- _Work to complete_
Only an exact copy belongs in the answer: the line with "Opel Grandland X" and every line after it through the end of the records, pictures left out.

- _Exercise material_
------------------------

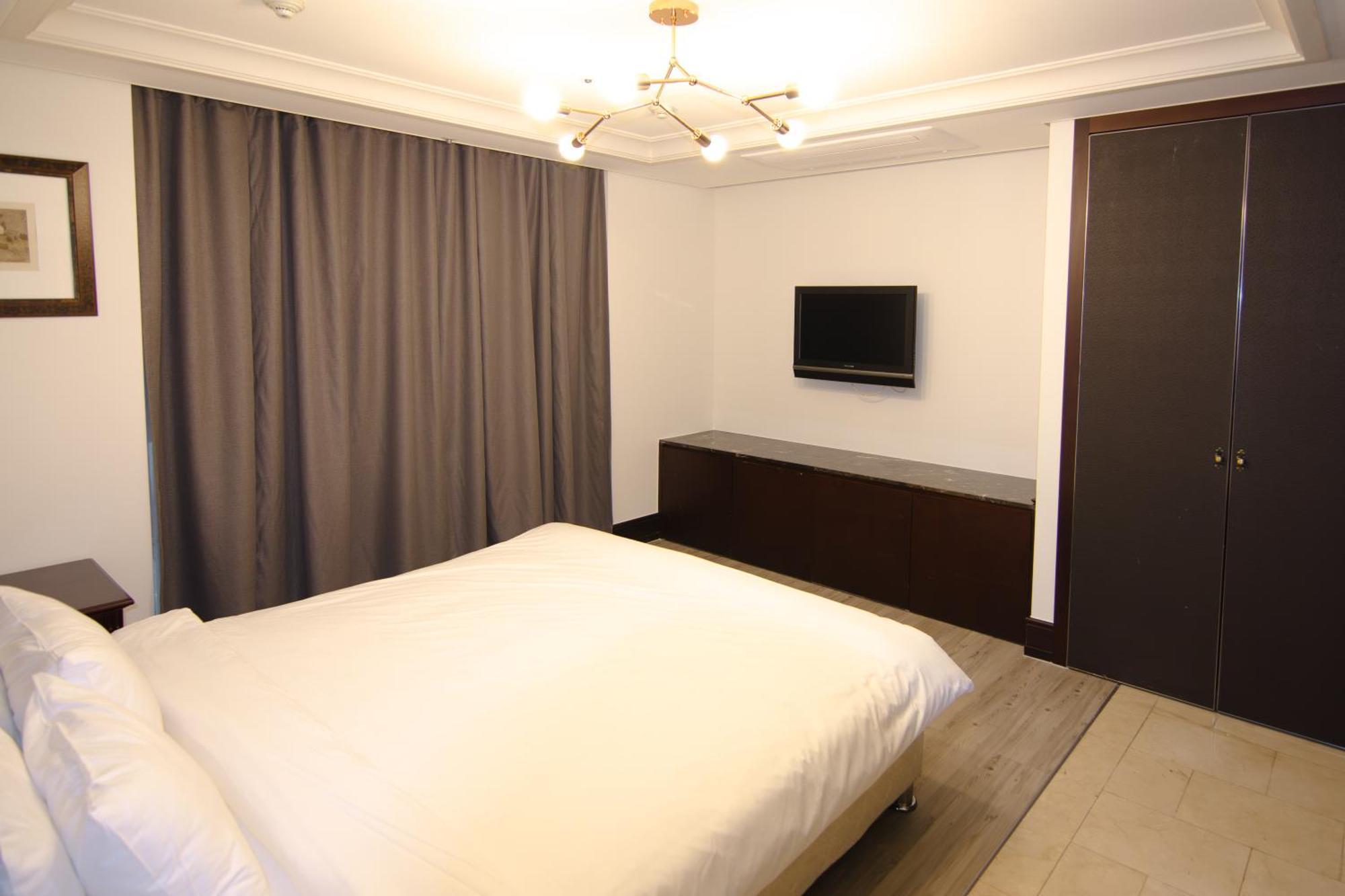 Centum Convention Hotel In Centum Busan Eksteriør billede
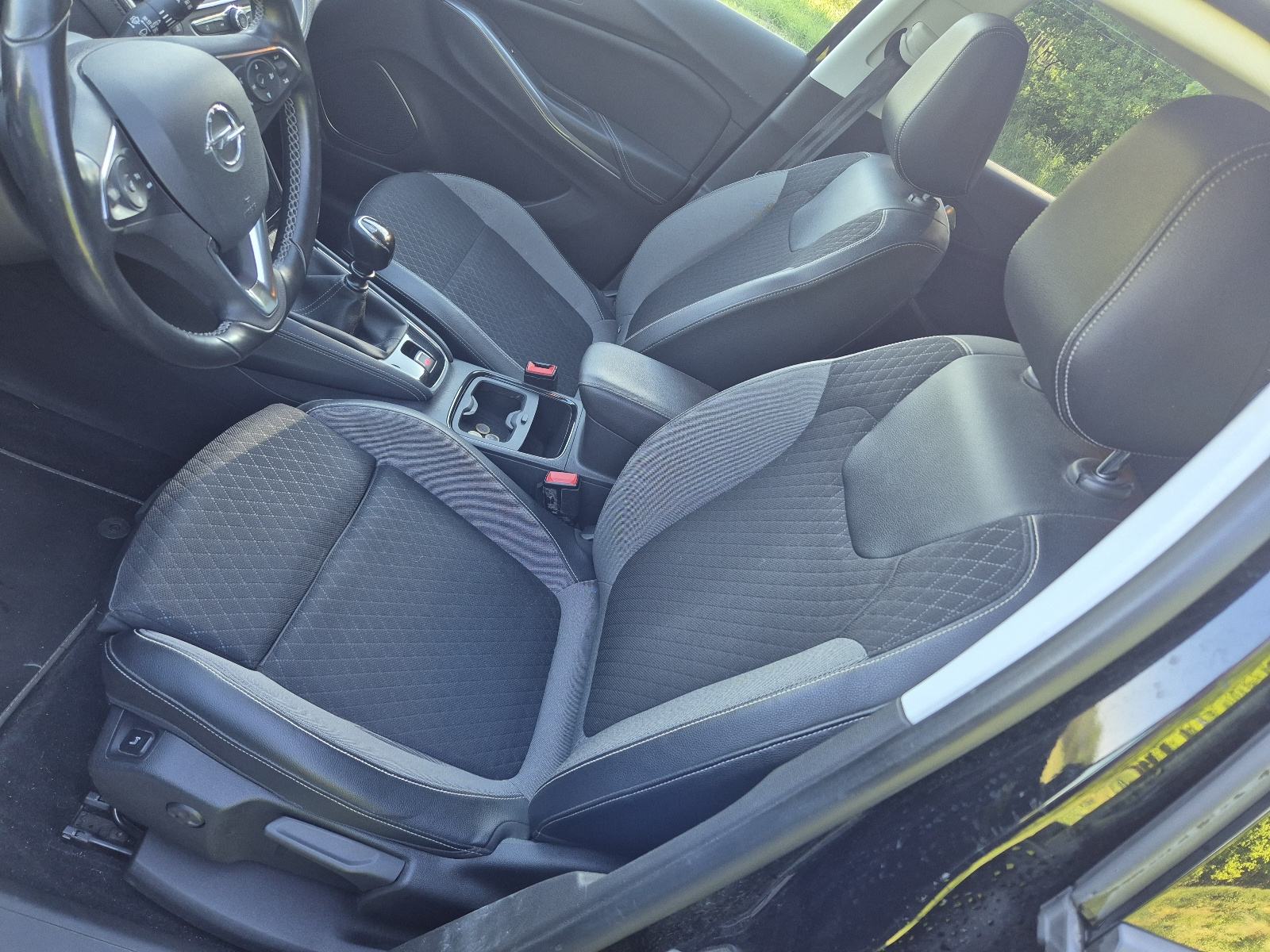 Opel Grandland X 1.2 Turbo, servisna, fotografija 11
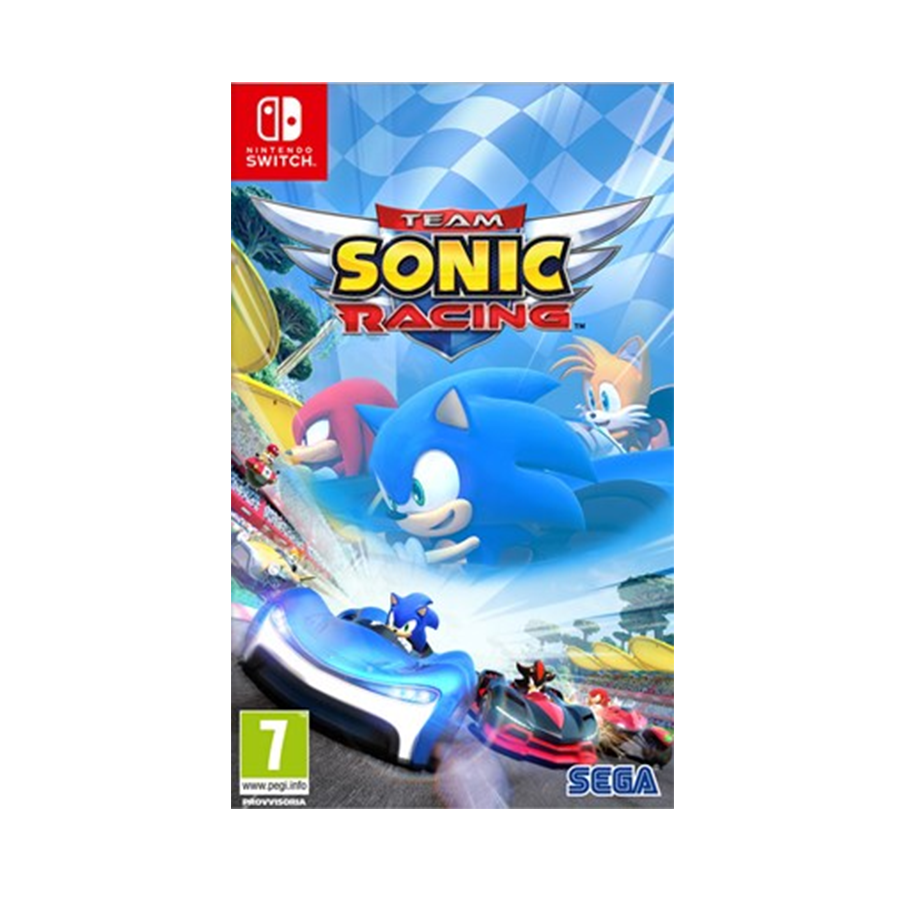 Team Sonic Racing Team Sonic Racing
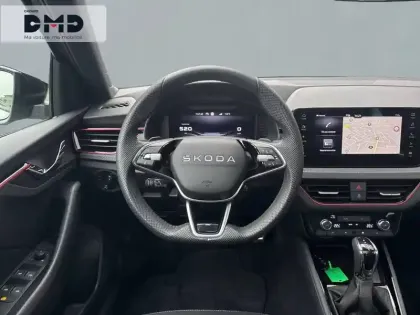 Photo 5 Skoda Kamiq  1.5 TSI Evo 2 150 ch DSG7 ACT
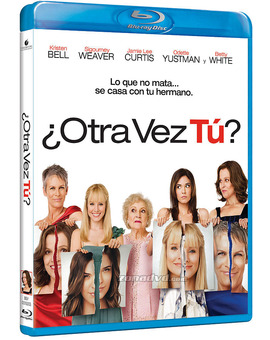 ¿Otra Vez Tú? Blu-ray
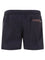Moncler Swim shorts with logo patch - Blue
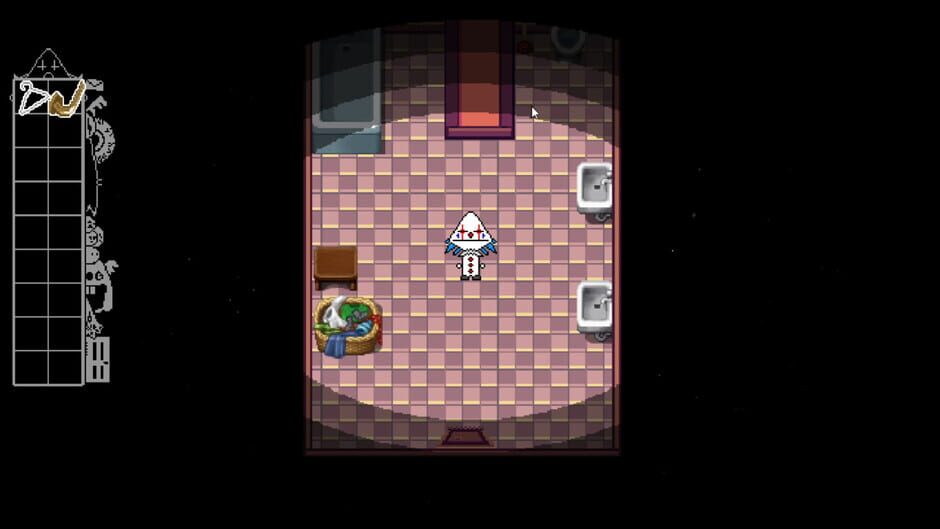 Clown In a House Screenshot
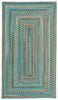 Capel Jennie Lake 0030 Azure 480 Area Rug main image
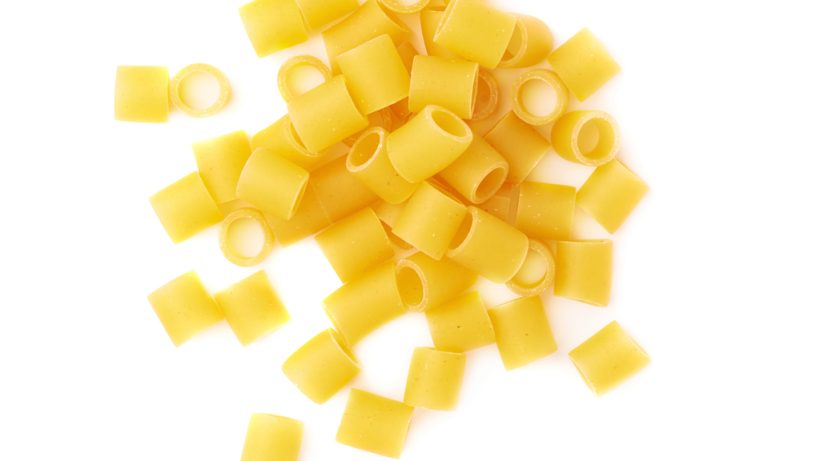 IQF Ditalini Pasta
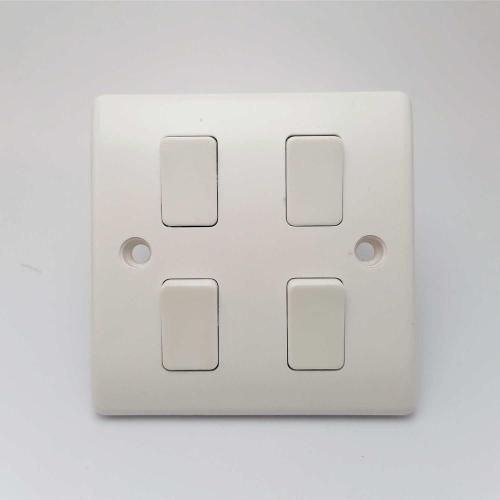 bakelite wall light switch socket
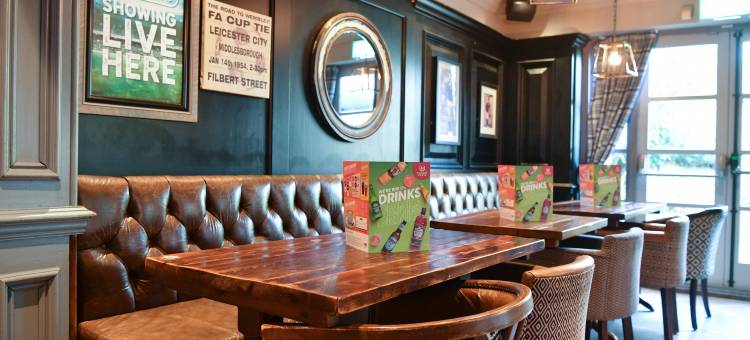 翱翔磨坊酒店 - 格林国王旅馆(Mill on the Soar by Greene King Inns)图片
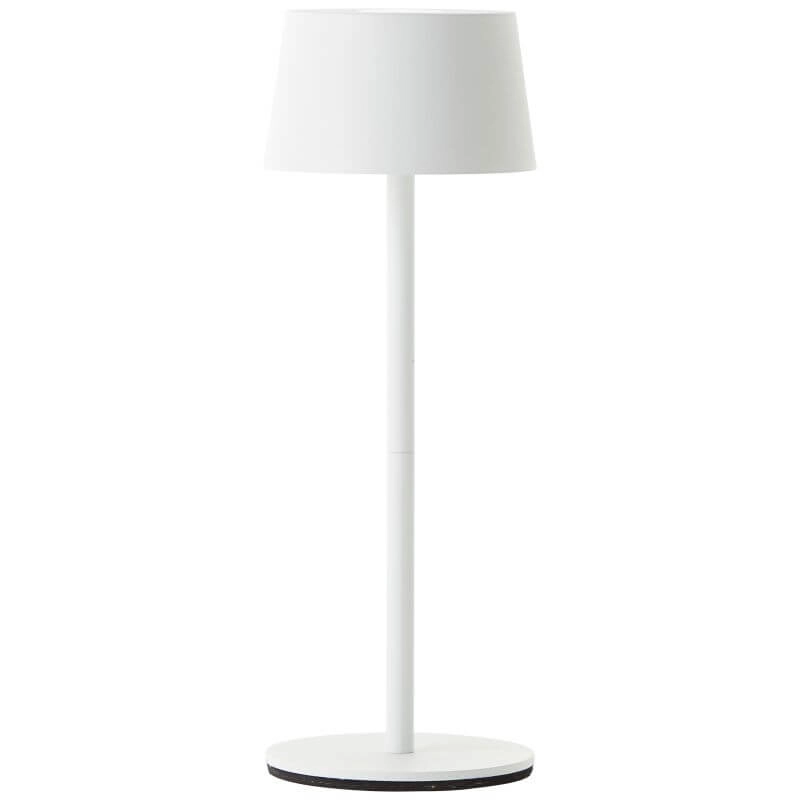 Rechargeable table lamp Jona white Brilliant 4004353449093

------------------------

- _Answer for this exercise_
 Opel Grandland X 1.2 Turbo, servisna, fotografija 11
 Team Sonic Racing Team Sonic Racing
 Photo 5 Skoda Kamiq  1.5 TSI Evo 2 150 ch DSG7 ACT
 ¿Otra Vez Tú? Blu-ray
Moncler Swim shorts with logo patch - Blue
 Clown In a House Screenshot
 Capel Jennie Lake 0030 Azure 480 Area Rug main image
 IQF Ditalini Pasta
 bakelite wall light switch socket
 翱翔磨坊酒店 - 格林国王旅馆(Mill on the Soar by Greene King Inns)图片
 Rechargeable table lamp Jona white Brilliant 4004353449093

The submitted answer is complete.